→ THE TASK:
Pictures don't belong in the copy; print all the records exactly.

→ DATA FOR REVIEW:
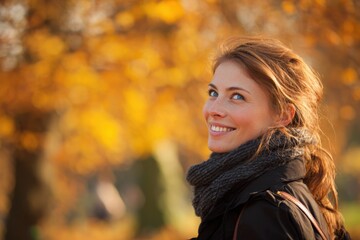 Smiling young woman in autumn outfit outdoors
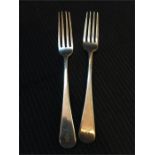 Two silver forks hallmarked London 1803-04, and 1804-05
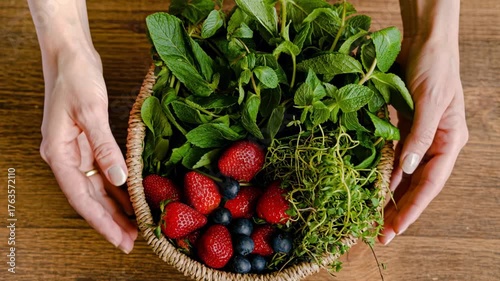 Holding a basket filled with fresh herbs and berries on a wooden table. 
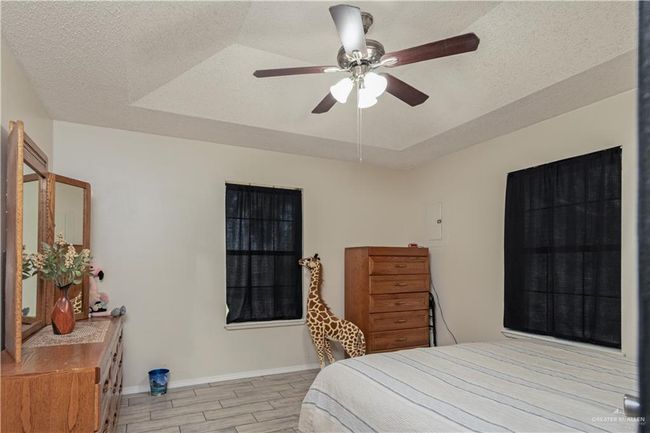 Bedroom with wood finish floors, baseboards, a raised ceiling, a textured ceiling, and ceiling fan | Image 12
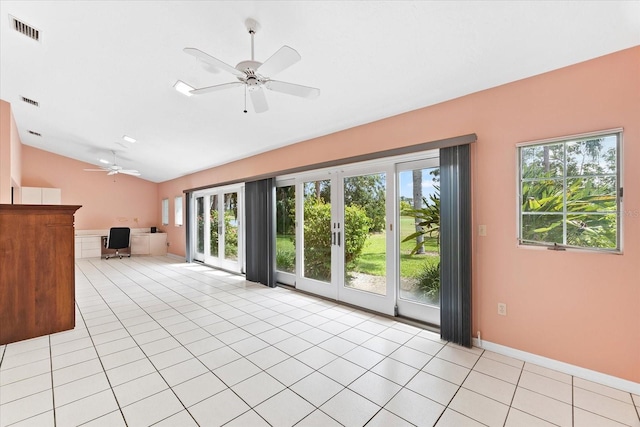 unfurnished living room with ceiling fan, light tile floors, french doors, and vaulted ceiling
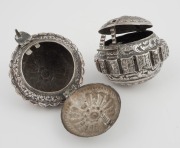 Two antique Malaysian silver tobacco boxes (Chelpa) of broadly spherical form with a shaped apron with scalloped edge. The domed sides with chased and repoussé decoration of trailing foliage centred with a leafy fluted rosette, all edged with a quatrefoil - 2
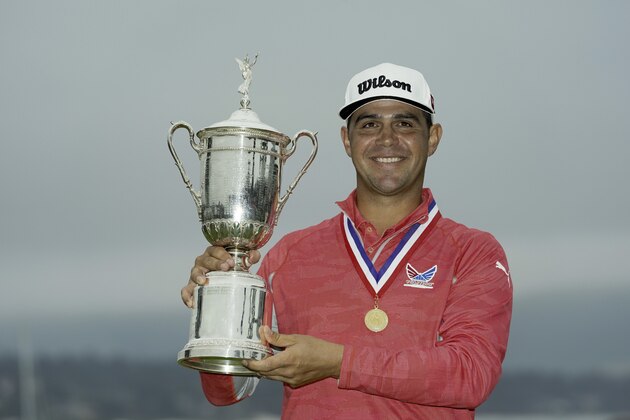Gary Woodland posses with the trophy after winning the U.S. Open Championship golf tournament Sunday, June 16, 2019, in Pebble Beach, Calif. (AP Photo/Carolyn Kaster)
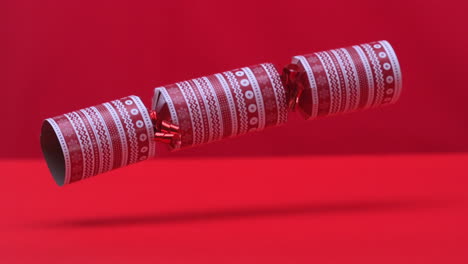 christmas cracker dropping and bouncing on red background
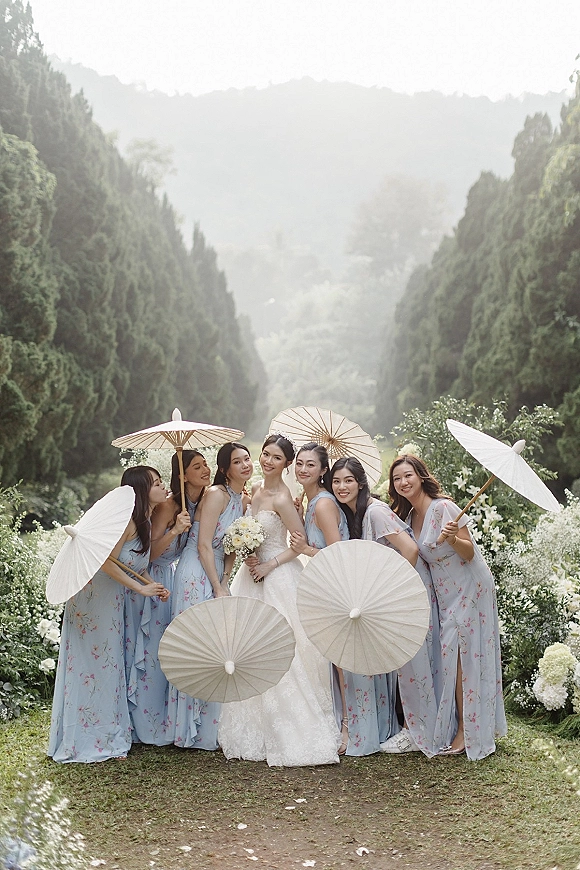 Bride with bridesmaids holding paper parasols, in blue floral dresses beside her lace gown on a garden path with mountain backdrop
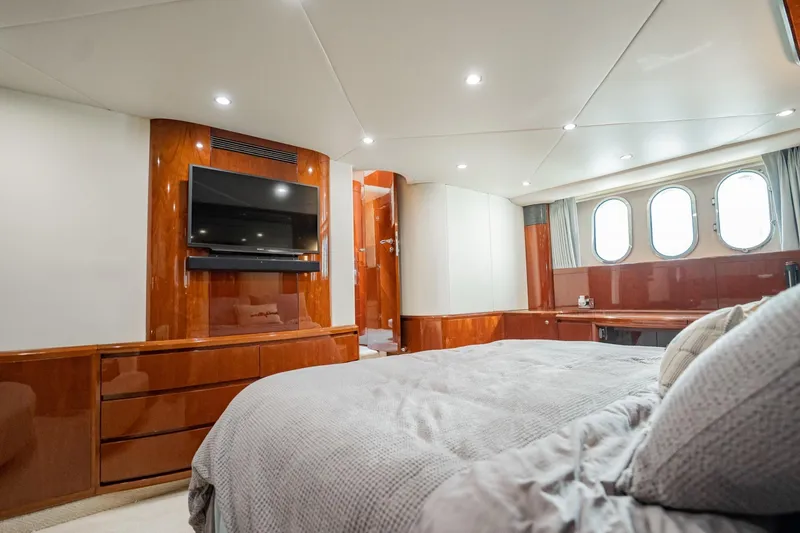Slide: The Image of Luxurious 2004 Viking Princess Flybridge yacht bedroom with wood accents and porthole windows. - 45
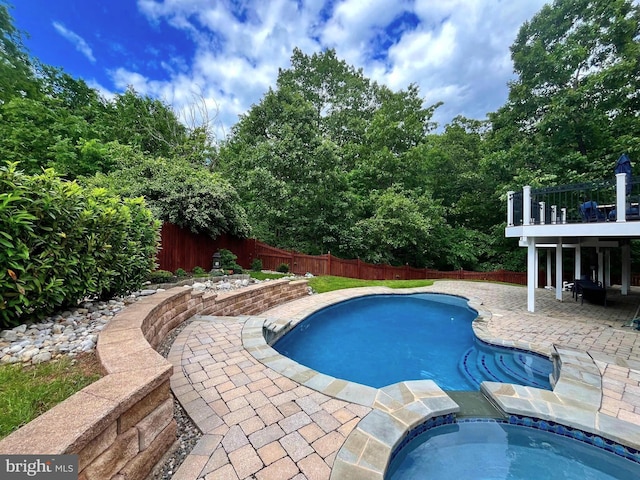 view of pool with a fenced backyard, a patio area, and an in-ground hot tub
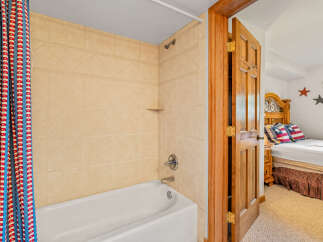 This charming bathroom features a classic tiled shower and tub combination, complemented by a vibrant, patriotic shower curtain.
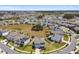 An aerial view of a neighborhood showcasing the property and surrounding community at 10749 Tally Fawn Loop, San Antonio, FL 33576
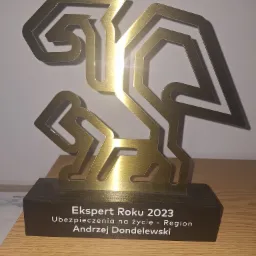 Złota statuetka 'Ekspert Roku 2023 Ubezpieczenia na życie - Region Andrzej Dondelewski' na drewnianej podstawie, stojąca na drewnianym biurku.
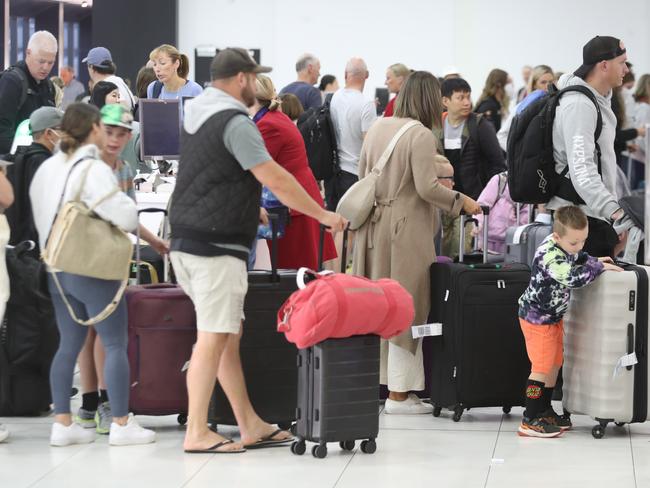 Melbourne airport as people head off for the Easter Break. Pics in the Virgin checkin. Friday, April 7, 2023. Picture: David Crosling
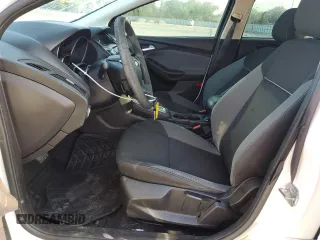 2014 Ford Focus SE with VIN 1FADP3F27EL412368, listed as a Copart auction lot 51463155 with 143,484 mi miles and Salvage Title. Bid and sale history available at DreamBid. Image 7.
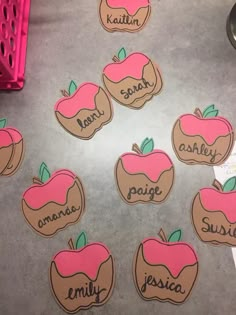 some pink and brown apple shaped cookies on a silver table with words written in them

→ FINISHED TASK:
 Smiling young woman in autumn outfit outdoors
 Two silver forks hallmarked London 1803-04, and 1804-05
 Holding a basket filled with fresh herbs and berries on a wooden table. 
 Bedroom with wood finish floors, baseboards, a raised ceiling, a textured ceiling, and ceiling fan | Image 12
 unfurnished living room with ceiling fan, light tile floors, french doors, and vaulted ceiling
 Two antique Malaysian silver tobacco boxes (Chelpa) of broadly spherical form with a shaped apron with scalloped edge. The domed sides with chased and repoussé decoration of trailing foliage centred with a leafy fluted rosette, all edged with a quatrefoil - 2
Gary Woodland posses with the trophy after winning the U.S. Open Championship golf tournament Sunday, June 16, 2019, in Pebble Beach, Calif. (AP Photo/Carolyn Kaster)
 christmas cracker dropping and bouncing on red background
 Bride with bridesmaids holding paper parasols, in blue floral dresses beside her lace gown on a garden path with mountain backdrop
Slide: The Image of Luxurious 2004 Viking Princess Flybridge yacht bedroom with wood accents and porthole windows. - 45
 view of pool with a fenced backyard, a patio area, and an in-ground hot tub
 This charming bathroom features a classic tiled shower and tub combination, complemented by a vibrant, patriotic shower curtain.
 An aerial view of a neighborhood showcasing the property and surrounding community at 10749 Tally Fawn Loop, San Antonio, FL 33576
 Złota statuetka 'Ekspert Roku 2023 Ubezpieczenia na życie - Region Andrzej Dondelewski' na drewnianej podstawie, stojąca na drewnianym biurku.
 Melbourne airport as people head off for the Easter Break. Pics in the Virgin checkin. Friday, April 7, 2023. Picture: David Crosling
 2014 Ford Focus SE with VIN 1FADP3F27EL412368, listed as a Copart auction lot 51463155 with 143,484 mi miles and Salvage Title. Bid and sale history available at DreamBid. Image 7.
 some pink and brown apple shaped cookies on a silver table with words written in them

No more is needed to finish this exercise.